In such a situation it is good to have a backup plan that will allow you to save your neck and still look good. Fortunately, computers are so complex that there is ample opportunity to blame something that is not your fault.

Enter the “technical-detail-not-under-my-control.” Here are your friends – each is followed by a typical usage example:

Stupid compilers: “Our version of the code shows slightly worse single-thread performance, which is presumably due to the limited optimization capabilities of the compiler.

If the compiler can’t fix it, who can? And nobody wants to inspect assembly code anyway.

Out-of-order execution (or lack thereof): “Processor A shows better performance than processor B possibly because of A’s superior out-of-order processing capabilities.

That’s a truly ingenious statement, mainly because it is so very hard to prove.
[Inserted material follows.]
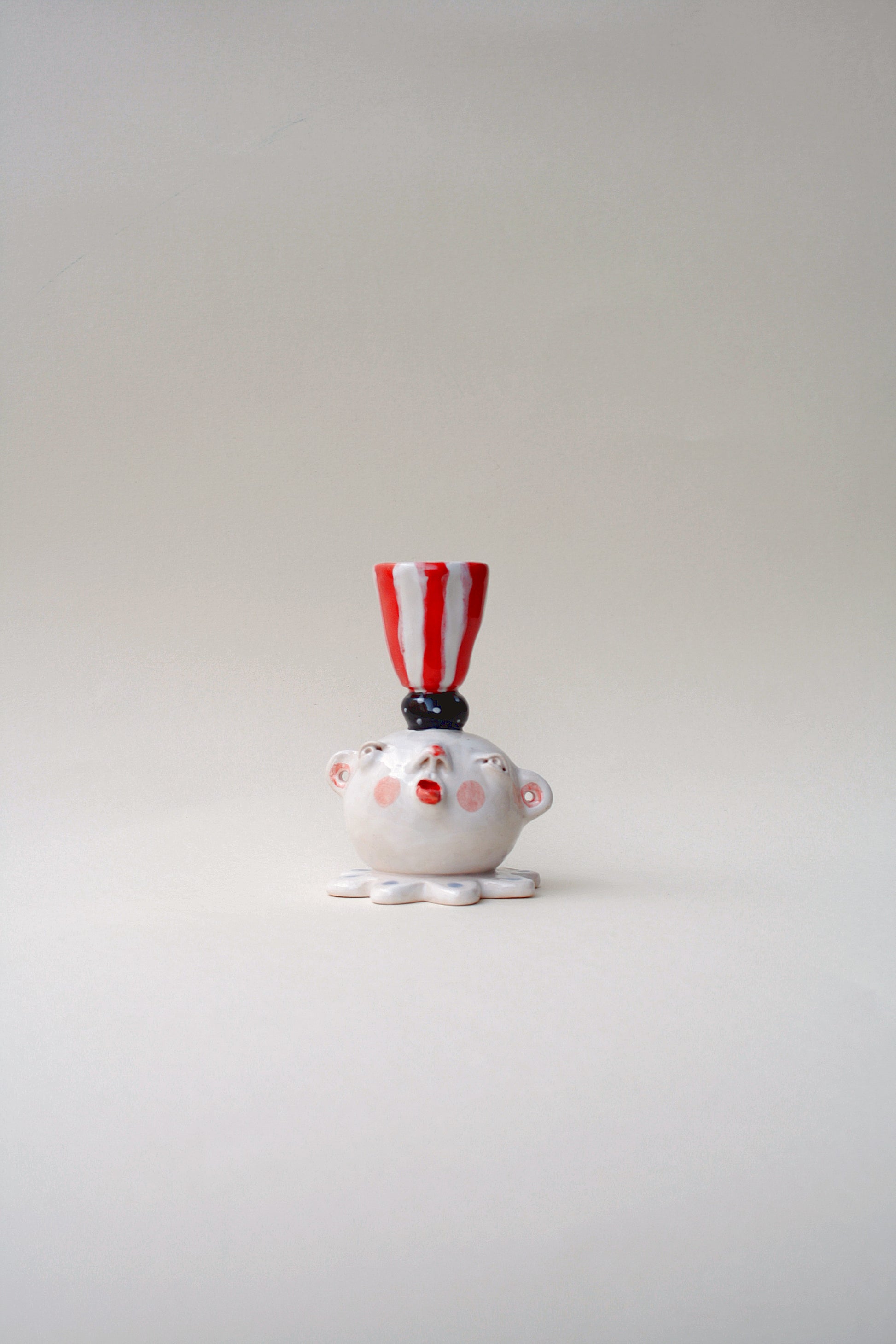 Świecznik ceramiczny Głowa w czapce Ceramika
Among friends you may just bluntly state that B has a lousy design.

L1 instruction cache misses: “As shown in Table 1, our optimized code version B is faster because it has 20% fewer L1 instruction cache misses than version A.

Hardly anyone discusses L1 instruction cache misses, because they hardly ever do any harm. Thus they are the ideal scapegoat if you don’t know the exact reason for some effect. Be careful with presenting performance counter data, though: If the instruction count reveals that there is only one L1I miss every 10000 instructions, that’s not what you want to show in public…

TLB misses:Performance shows a gradual breakdown with growing problem size. This may be caused by excessive penalties due to TLB misses.

TLB misses are always a good choice because they have a reputation to be even more evil than cache misses! You may want to add that the time was too short to prove your statement by  measuring the misses and estimate their actual impact, and then search for the real cause.

Bad prefetching: “Performance does not scale beyond four cores on a socket. We attribute this to problems with the prefetching hardware.

Prefetching is necessary. Bad prefetching means bad performance because the latency (gasp!) cannot be hidden. Other reasons for performance saturation such as a bandwidth bottleneck or load imbalance are much too mundane to be interesting.

Bank conflicts: “Processor X has only [sic!] eight cache banks, which may explain the large fluctuations in performance vs. problem size.

Wow. Cache banks. And you are the one to know that eight just won’t cut it.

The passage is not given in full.